▶ _Assignment_: Make an exact transcript of the lines in the data below, starting with the one containing "MERCEDES CLS 250 CDI Shooting Brake" and going on through the one containing "Under overfladen (1999) movie poster", with both included and the pictures left out.
↓↓↓
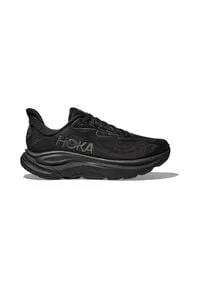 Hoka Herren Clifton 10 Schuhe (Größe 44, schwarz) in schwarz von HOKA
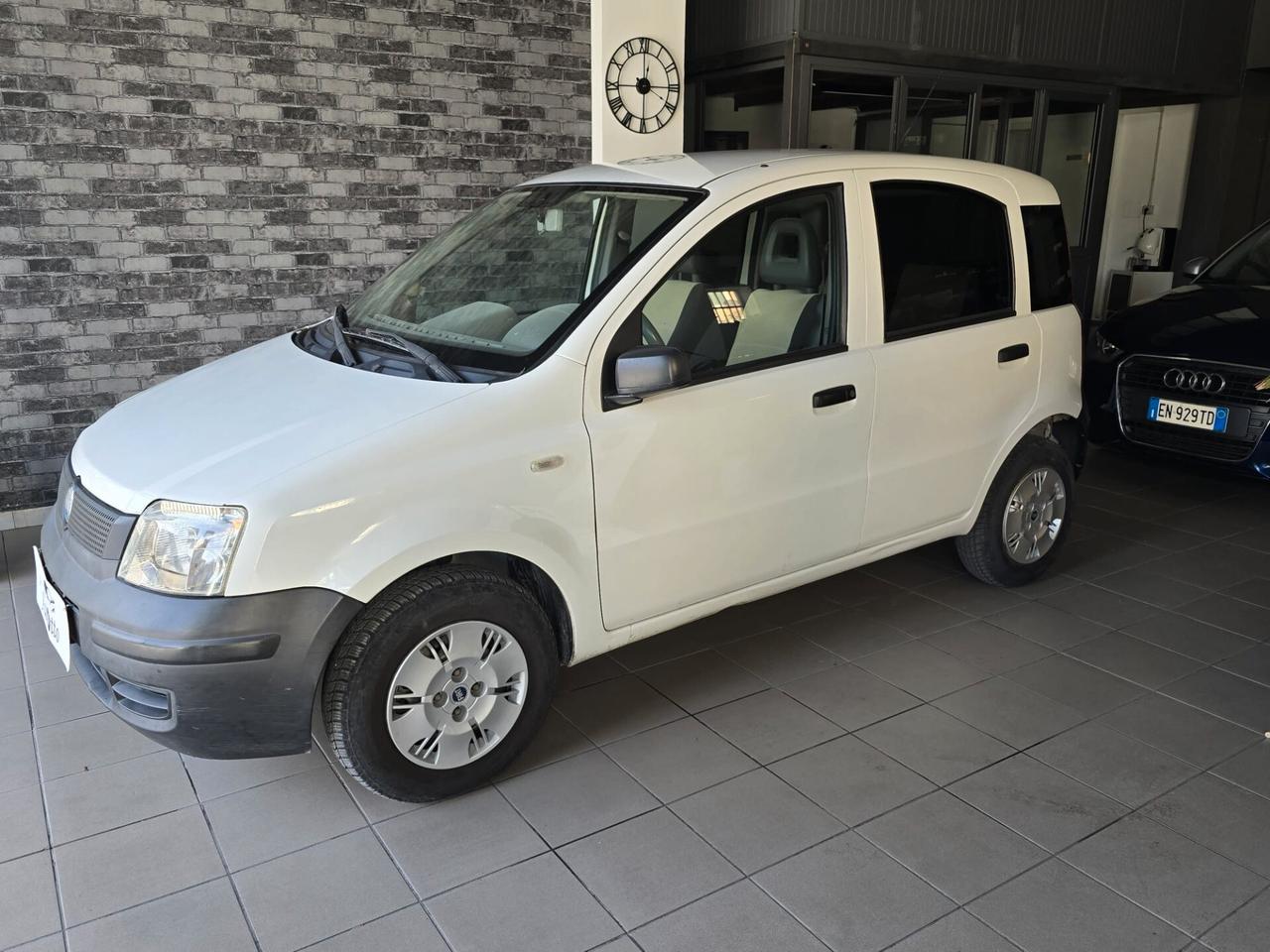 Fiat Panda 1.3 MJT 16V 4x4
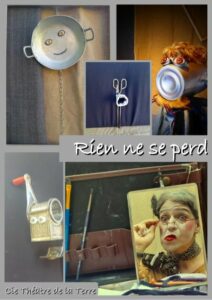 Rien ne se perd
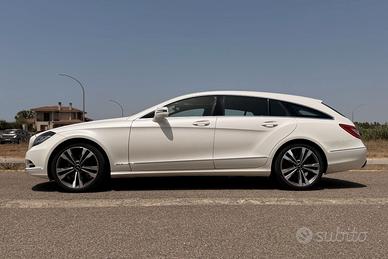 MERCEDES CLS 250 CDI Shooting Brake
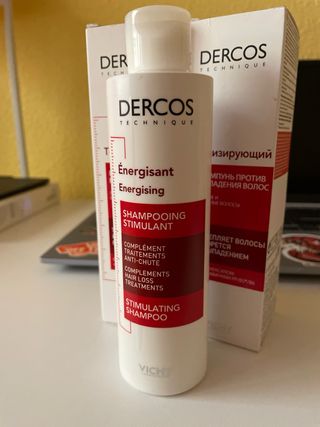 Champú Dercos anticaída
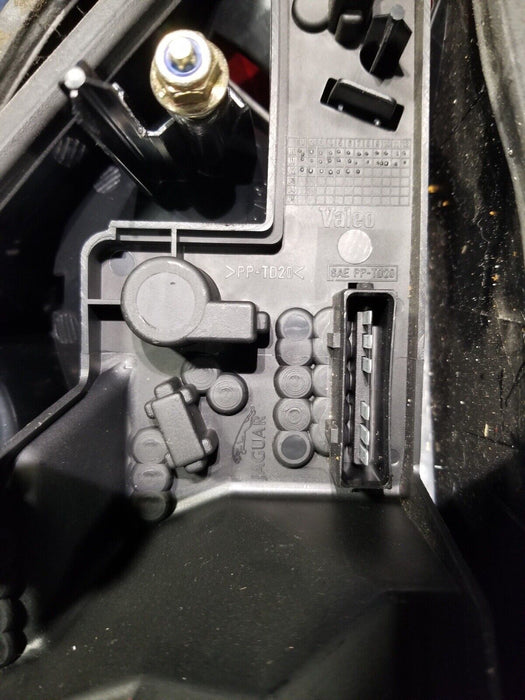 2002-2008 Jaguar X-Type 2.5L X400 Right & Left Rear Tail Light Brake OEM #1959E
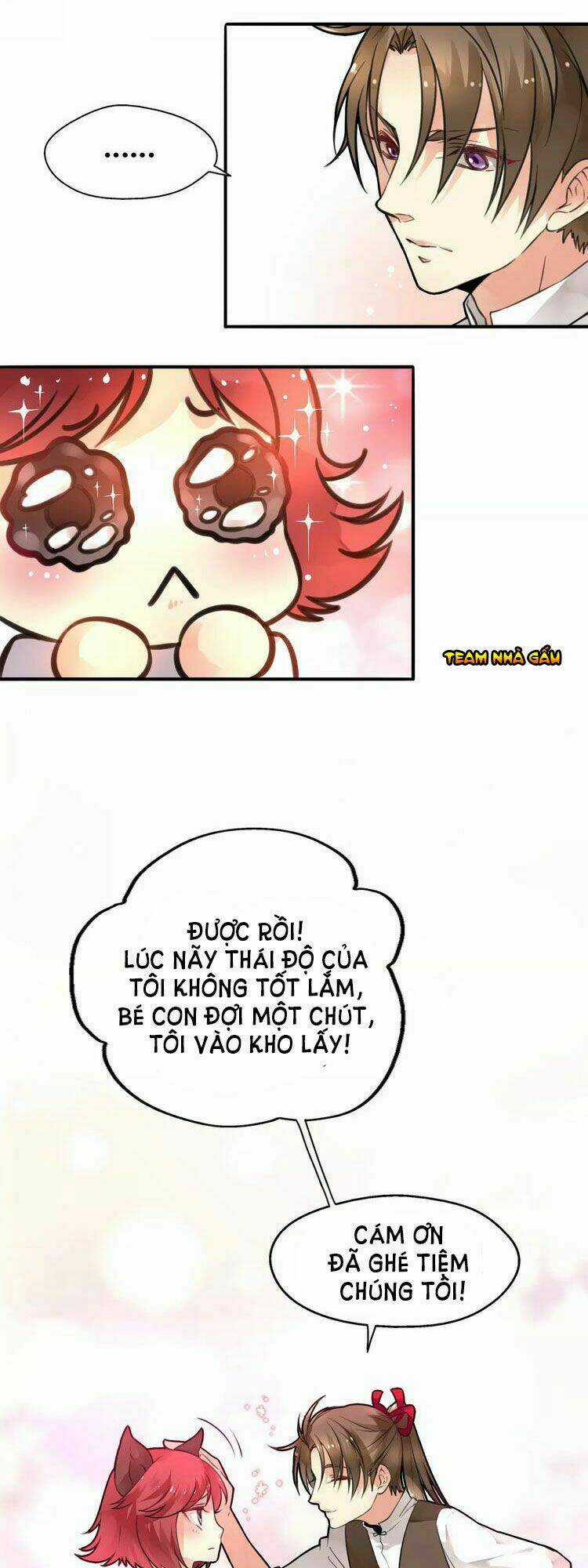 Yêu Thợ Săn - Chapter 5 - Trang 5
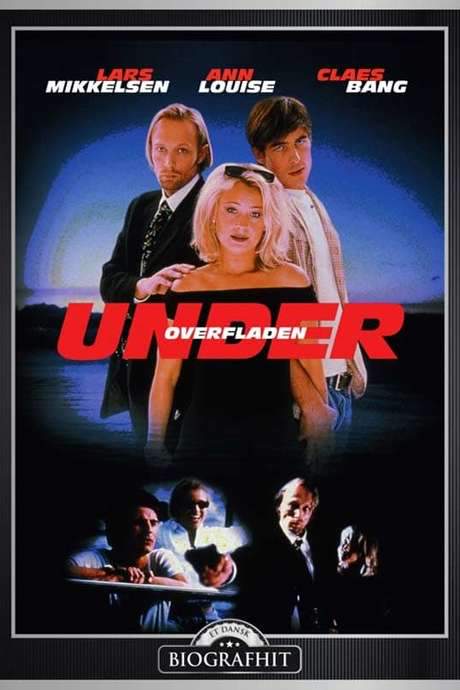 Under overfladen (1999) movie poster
↑↑↑
↓↓↓
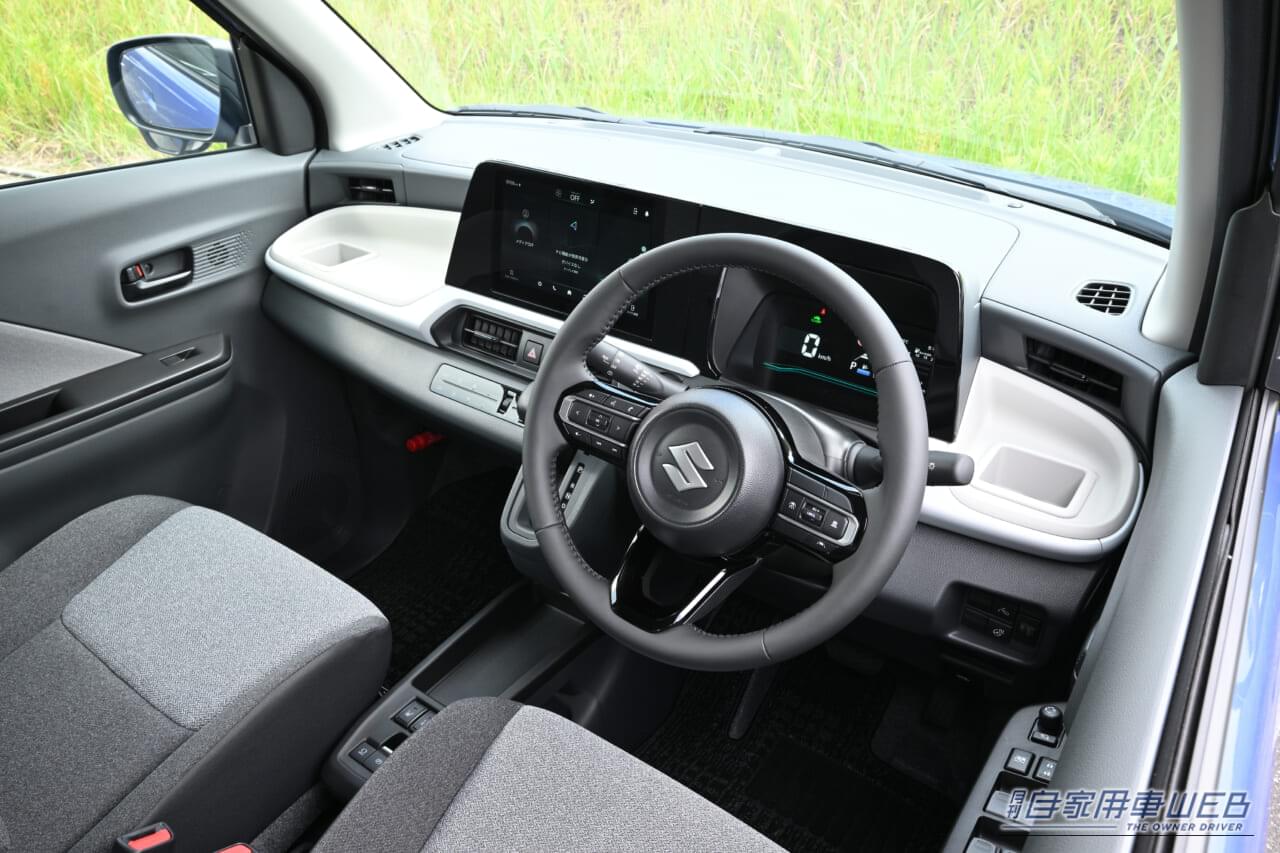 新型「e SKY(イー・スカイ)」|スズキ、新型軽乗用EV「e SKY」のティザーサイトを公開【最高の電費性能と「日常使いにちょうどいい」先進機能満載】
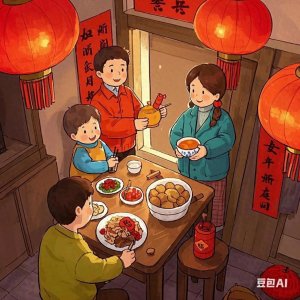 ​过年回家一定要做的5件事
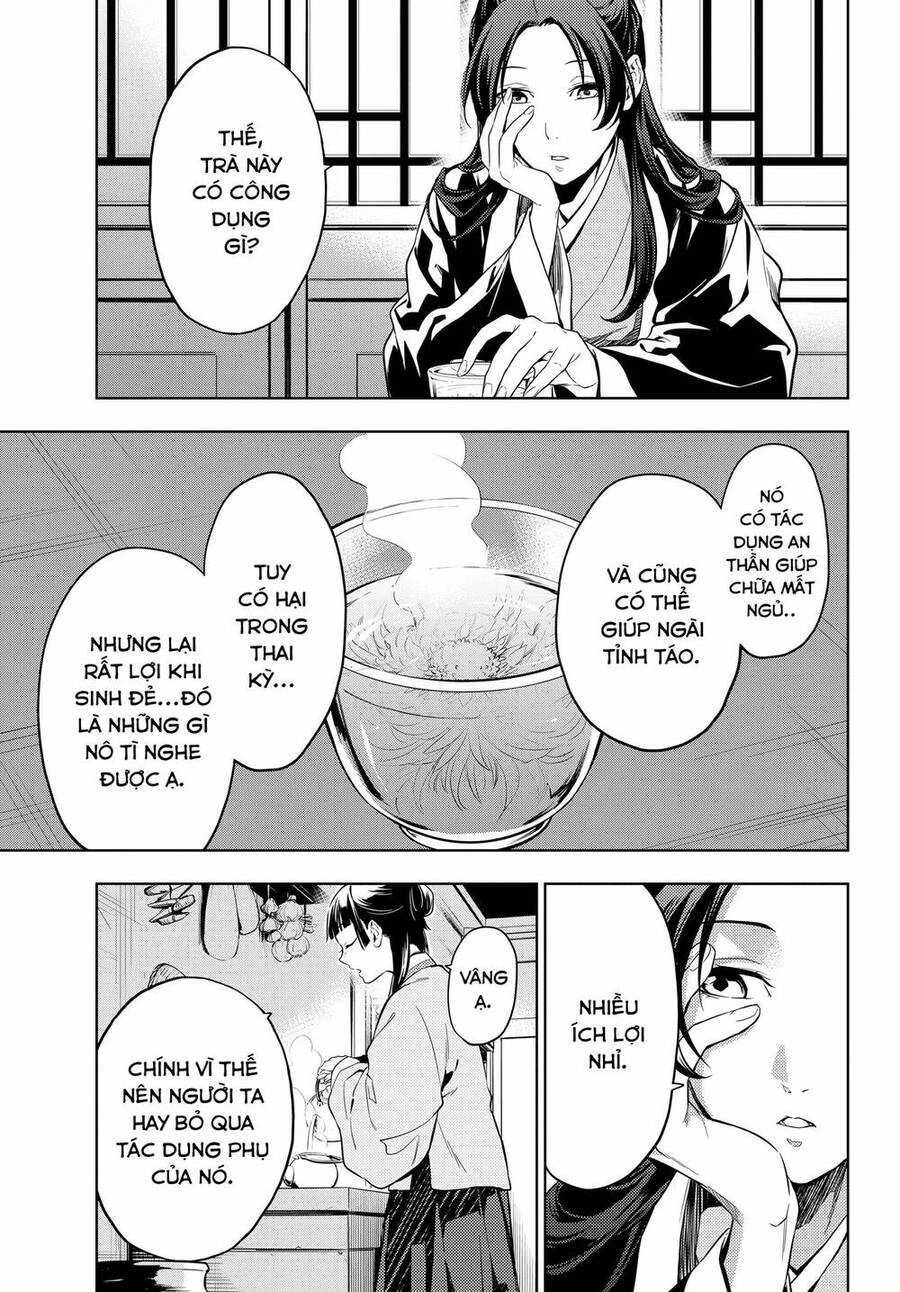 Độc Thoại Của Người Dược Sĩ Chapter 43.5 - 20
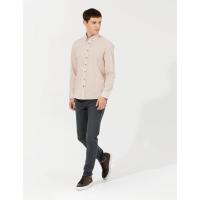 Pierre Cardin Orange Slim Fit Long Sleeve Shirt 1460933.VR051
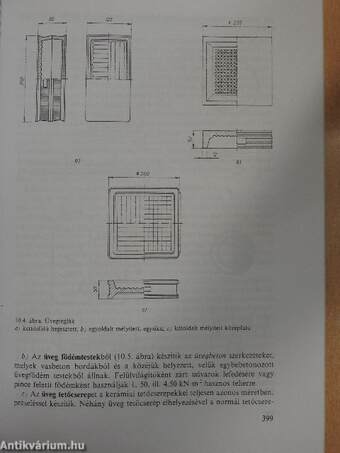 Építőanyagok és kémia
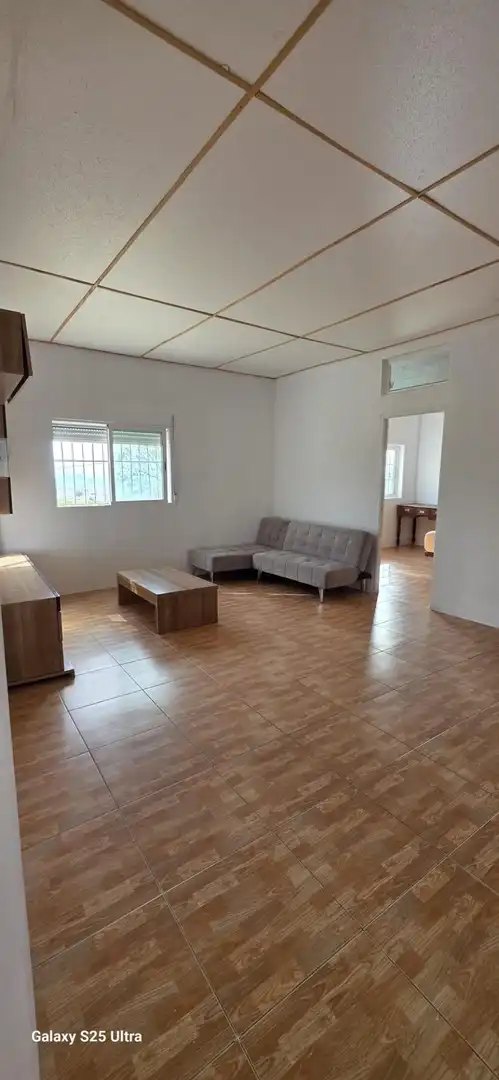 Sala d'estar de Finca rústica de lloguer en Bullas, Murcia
↑↑↑
▶ _Final answer_:
 MERCEDES CLS 250 CDI Shooting Brake
 Champú Dercos anticaída
 2002-2008 Jaguar X-Type 2.5L X400 Right & Left Rear Tail Light Brake OEM #1959E
 Yêu Thợ Săn - Chapter 5 - Trang 5
 Under overfladen (1999) movie poster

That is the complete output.